Réponse à M. Millaud

Mes amis,

J’en ai tellement assez des hommes et de leurs opinions. Un homme forme une pensée cohérente, et tout à coup il croit qu’il est Socrate. Cette semaine, mon cher collègue Albert Millaud a partagé ce que j’ai trouvé être l’article le plus dramatique que j’ai lu au cours du mois dernier. Le monde du journalisme est pollué par des journalistes comme Millaud qui se croient plus intelligents que les autres et qui prétendent savoir ce qu’il est mieux pour la société.

Premièrement, permettez-moi de dire ceci: le but du journal est d’amuser, et les façons de le faire sont multiples. Millaud aime « les plus belles fables grecques et romaines » dont il parle, mais moi et beaucoup d’autres Parisiens ne les aiment pas. Quand j’ouvre le journal, je veux glousser. Je veux causer avec mes amis sur les sujets triviaux que j’ai lus le matin. C’est pourquoi j’aime ce que je fais – j’ai l’opportunité de partager des petits moments de plaisir avec mon public et de voir la joie qu’il leur apporte.

La popularité du reportage est excellente pour mon entreprise. Je gagne plus d’argent que jamais, et je n’ai pas peur de l’admettre. Il faut dire que la richesse était mon but. Certains croient sûrement que les journaux sont faits pour rapporter des faits, et il est necessaire que les écrivains publient les articles les plus intellectuels et sophistiqués. Je ne suis pas l’un d’entre eux, et je ne fais pas cela. Je suis sûr qu’il y a de grandes parties du journal que mes lecteurs ignorent parce qu’elles sont ennuyeuses, prétentieuses, ou peu attrayantes, et je ne vois pas cela comme un problème. Ils paient pour lire mes chroniques, c’est tout ce qui m’importe.

Pourquoi croit Millaud que c’est mal pour le journal de gagner de l’argent comme objectif? C’est une entreprise, nous essayons tout juste de gagner un salaire décent. Quelqu’un comme Millaud qui a ratissé grâce au journal ne peut pas se plaindre de quelqu’un qui veut faire la même chose. Ne vous inquiétez pas de ce que les autres journalistes écrivent; cela ne fera que vous distraire de votre travail. Et si vous n’aimez pas ses articles, ne les lisez pas. Si vous détestez que les gens écrivent pour leurs « dix francs de lignes, » avez-vous considéré l’état de notre économie? Pourquoi ne pas critiquer les conditions qui rendent la survie si difficile? 

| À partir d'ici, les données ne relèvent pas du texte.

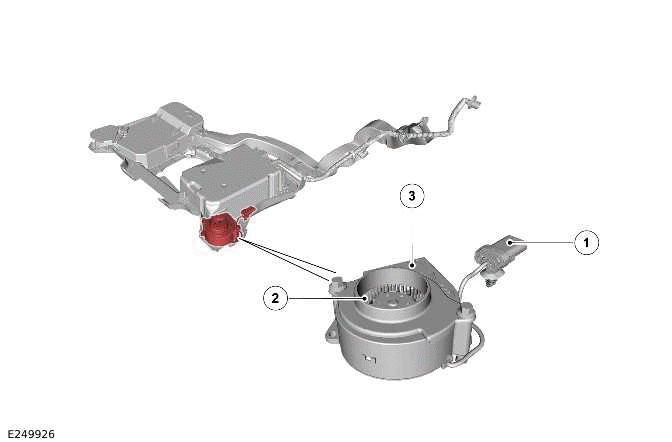 MHEV Battery and Cables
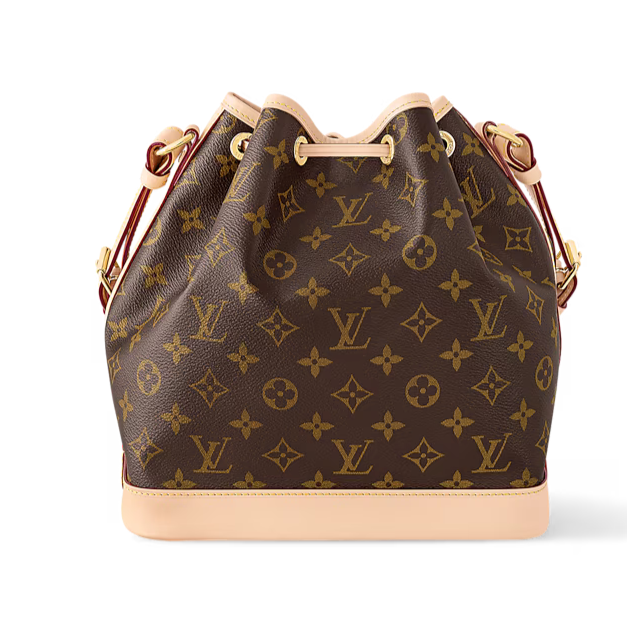 Louis Vuitton Petit Noé Bucket Bag - Brown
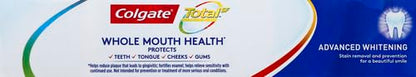 Colgate Total Whitening Toothpaste – Advanced Whitening (5.1 oz)
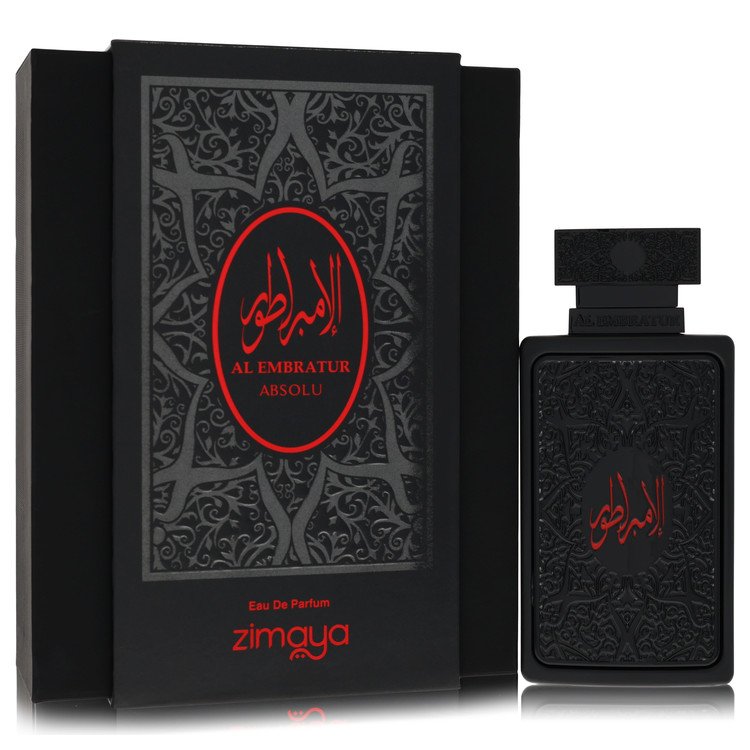 Afnan Zimaya Al Embratur Absolu by Afnan Eau De Parfum Spray (Unisex) 3.4 oz for Men Main image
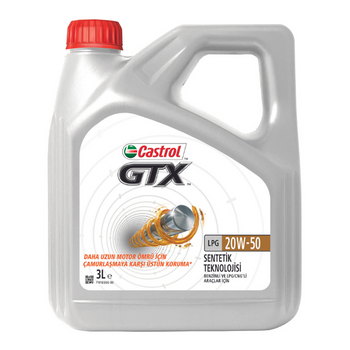 Castrol 20W50 Gtx 3 L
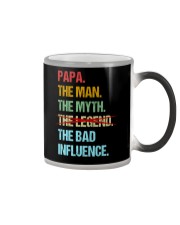 Papa Bad Influencer Color Changing Mug thumbnail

Le reportage donne à tous quelque chose à discuter, quelque chose à attendre chaque jour. Peu importe si leur journée va mal, ils peuvent lire quelque chose d’amusant. Les journaux sont pour le peuple, pas juste les aristocrates, et c’est pourquoi j’étais particulièrement offensée par la déclaration que le journal moderne est « tout simplement un ramassis de ragots, dans le genre de ceux qui domestiques échangent en dinant. » En autre, les journaux sont imprimés tous les jours pour une raison – chaque jour il y a quelque chose de nouveau à lire et à penser. Avec ce rythme, qui est un bon rythme, tous les articles ne seront pas la meilleure littérature qu’on a jamais lue.

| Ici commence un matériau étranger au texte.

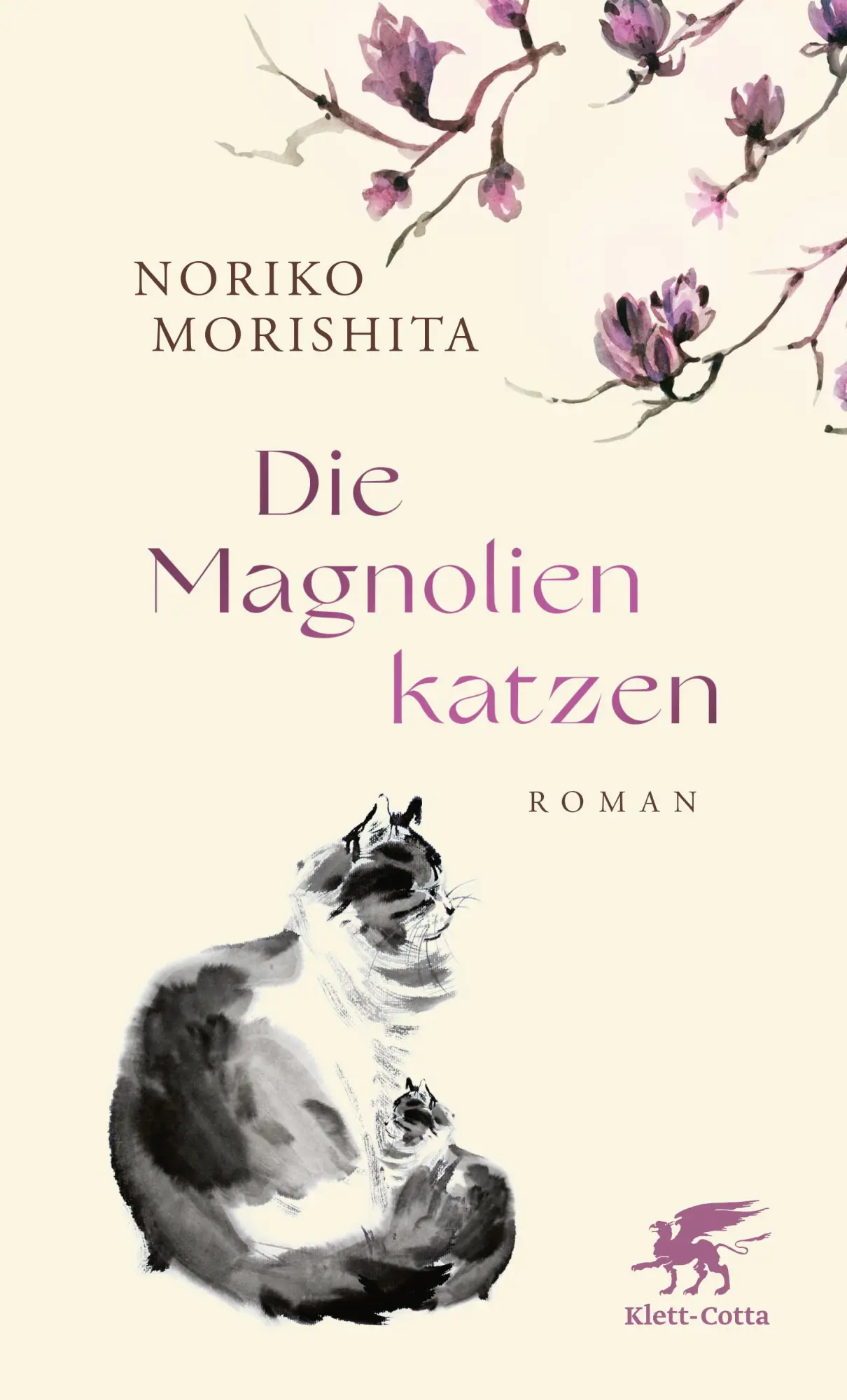 Cover: 9783608966794 | Die Magnolienkatzen | Noriko Morishita | Buch | 256 S. | Deutsch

J’ai aussi lu l’article de Giffard, que j’ai beaucoup aimé. Giffard a soulevé deux points importants. Premièrement, avec l’augmentation du reportage, le monde des journaux gagne de nouveaux journalistes fantastiques et « un personnel de plus en plus instruit, » contrairement à ce que Millaud a dit. Deuxièmement, le journalisme français est, et reste toujours, « très alerte et très vivant. » Paris est une ville pleine d’action, et elle mérite des journaux qui puissent suivre.

Enfin, ce serait une injustice pour le public si je ne partageais pas une rumeur que j’ai entendue récemment. Lors de son récent voyage aux états-unis, mes sources me disent, une maîtresse de Millaud l’a trompé avec un journaliste américain. D’après certaines informations, Millaud était furieux quand il a appris cette information. Donc, je ne pense pas que c’est une coïncidence que Millaud ait publié un article aussi critique du style de journalisme américain.